WHAT IS BEING ASKED: The entries need to be copied exactly as they stand, images left out.

THE RECORDS:
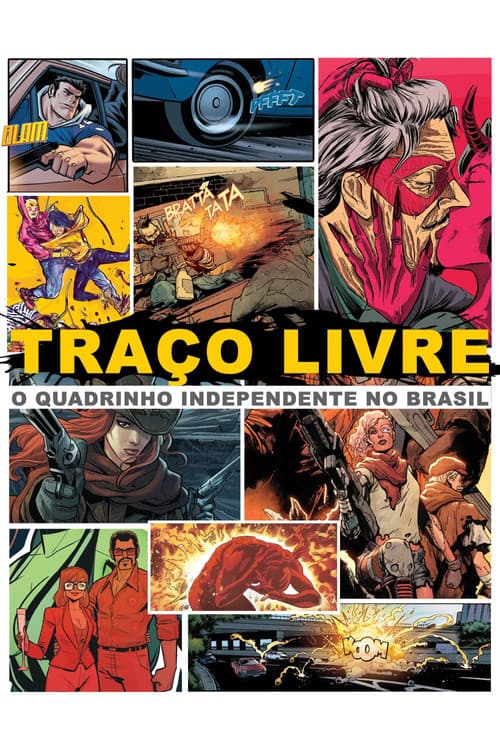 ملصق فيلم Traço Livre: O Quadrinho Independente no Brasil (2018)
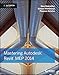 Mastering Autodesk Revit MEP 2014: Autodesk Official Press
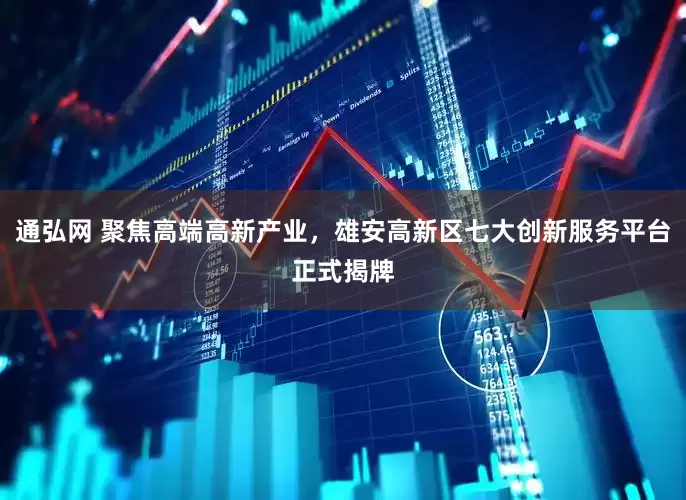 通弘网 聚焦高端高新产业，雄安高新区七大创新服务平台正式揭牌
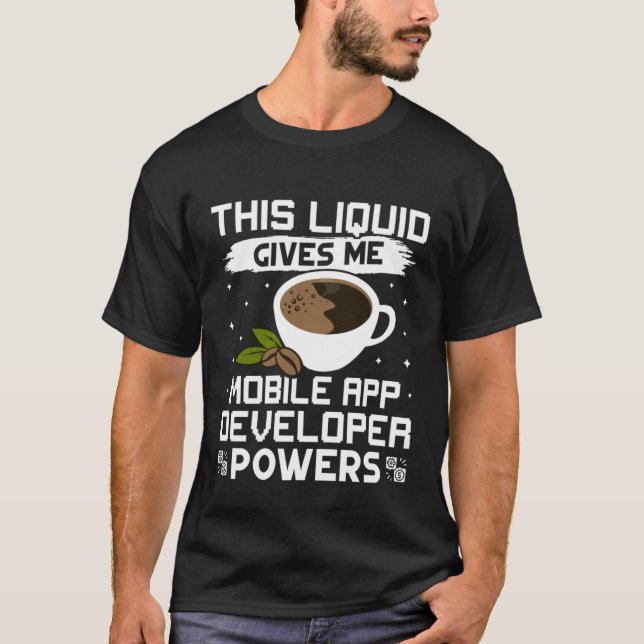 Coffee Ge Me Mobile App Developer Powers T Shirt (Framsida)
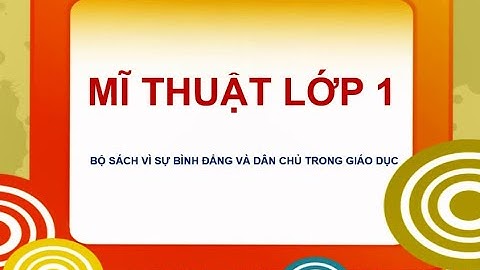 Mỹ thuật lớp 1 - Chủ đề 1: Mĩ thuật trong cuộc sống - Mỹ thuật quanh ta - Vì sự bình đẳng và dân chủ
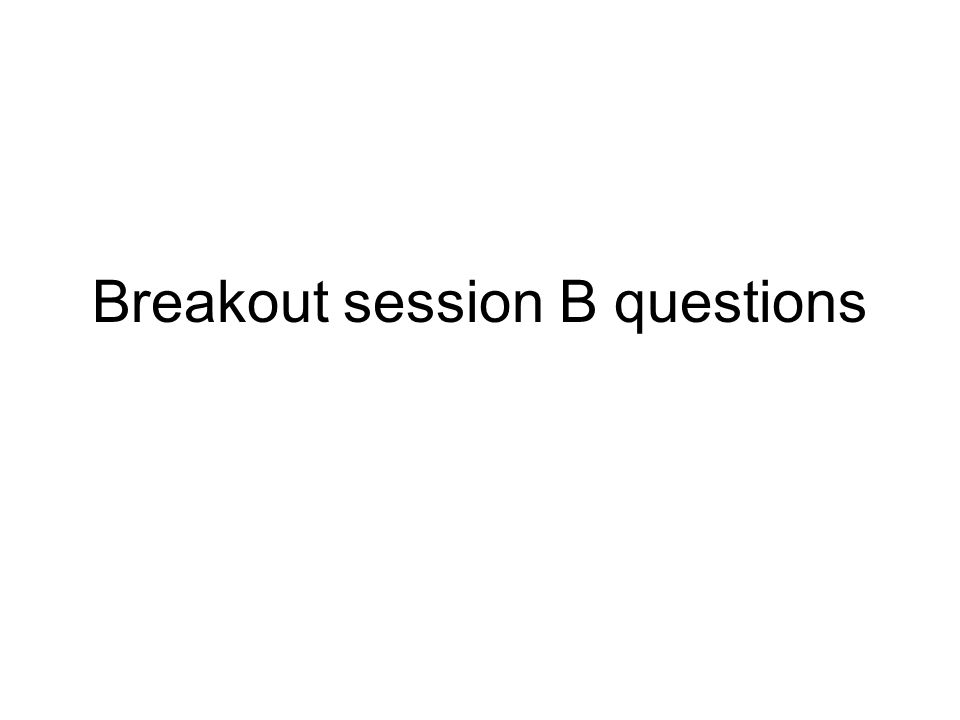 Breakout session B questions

FINISHED EXERCISE:
 ملصق فيلم Traço Livre: O Quadrinho Independente no Brasil (2018)
 Mastering Autodesk Revit MEP 2014: Autodesk Official Press
 通弘网 聚焦高端高新产业，雄安高新区七大创新服务平台正式揭牌
 Coffee Ge Me Mobile App Developer Powers T Shirt (Framsida)
 Mỹ thuật lớp 1 - Chủ đề 1: Mĩ thuật trong cuộc sống - Mỹ thuật quanh ta - Vì sự bình đẳng và dân chủ
 Breakout session B questions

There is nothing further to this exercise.